I'm always saying that people forgot what "romantic" really means but I'm very consoled by seeing no Rachmaninoff mentioned so far.


----------



## Klavierspieler (Jul 16, 2011)

Beethoven - Symphony No. 9
Schumann - Manfred Overture
Chopin - Ballade No. 2
Schubert - Wintereise
Mendelssohn - 'Scottish' Symphony
Tschaikowsky - Swan Lake
Dvorak - Symphony No. 9
Smetana - Ma Vlast
Wagner - Ring
Ummmm......


----------



## violadude (May 2, 2011)

Aramis said:


> I'm always saying that people forgot what "romantic" really means but I'm very consoled by seeing no Rachmaninoff mentioned so far.


I'm pretty sure Rachmaninov wrote in a romantic/post-romantic style...


----------



## Guest (Oct 22, 2011)

That would make an interesting thread, what does "Romantic" mean.

And when I say interesting, I mean predictably contentious and uninformative.:devil:

I do know that by at least one fairly well-informed (historically informed) account, 19th century romanticism was pretty much over with by mid-century. That's all of it, art, literature, music. For a long time, the next thing was called Realism, and that included Wagner (whose subject matter might seem at first blush to be anything but).

And what about "seminal"? That means something different from "sums up" or even "important," as I've also seen it used. (I predict that if we keep using "influential" in its place that "influential" will come to mean "sums up" or "important" as well!!)


----------



## Aramis (Mar 1, 2009)

violadude said:


> I'm pretty sure Rachmaninov wrote in a romantic/post-romantic style...

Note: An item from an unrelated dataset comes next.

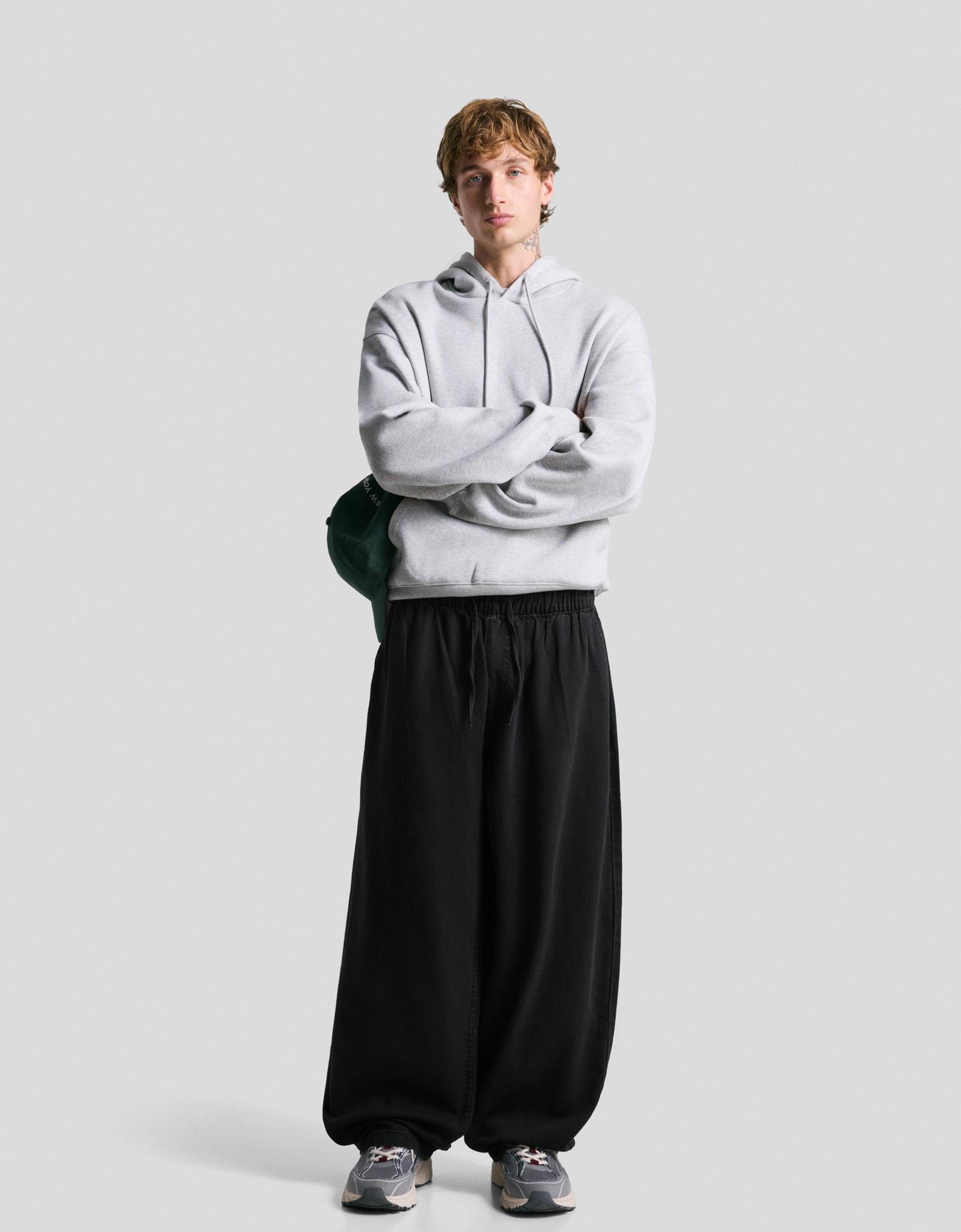 Bershka jeansy jogger czarny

Feel free to take rigid and so often badly forged terms as certainty if you want to, I prefer to think about original ideas behind artistic movements and if you consider those then Rachmaninoff has VERY little to do with romanticism as it appeared at first place in literature and poetry of early XIXth century. What those music schools do to people? I recommend you to think a little bit outside of academic musical terms.


----------



## violadude (May 2, 2011)

Aramis said:


> Feel free to take rigid and so often badly forged terms as certainty if you want to, I prefer to think about original ideas behind artistic movements and if you consider those then Rachmaninoff has VERY little to do with romanticism as it appeared at first place in literature and poetry of early XIXth century. What those music schools do to people? I recommend you to think a little bit outside of academic musical terms.


Well I was hoping you would explain to me why you don't consider Rachmaninov to be a Romantic.


----------



## Rasa (Apr 23, 2009)

Beethoven 9 is not a romantic work.


----------



## DavidMahler (Dec 28, 2009)

Beethoven's 9th is a transitional piece....I was hesitant about it, but it sorta is the open doorway into the Romantic. 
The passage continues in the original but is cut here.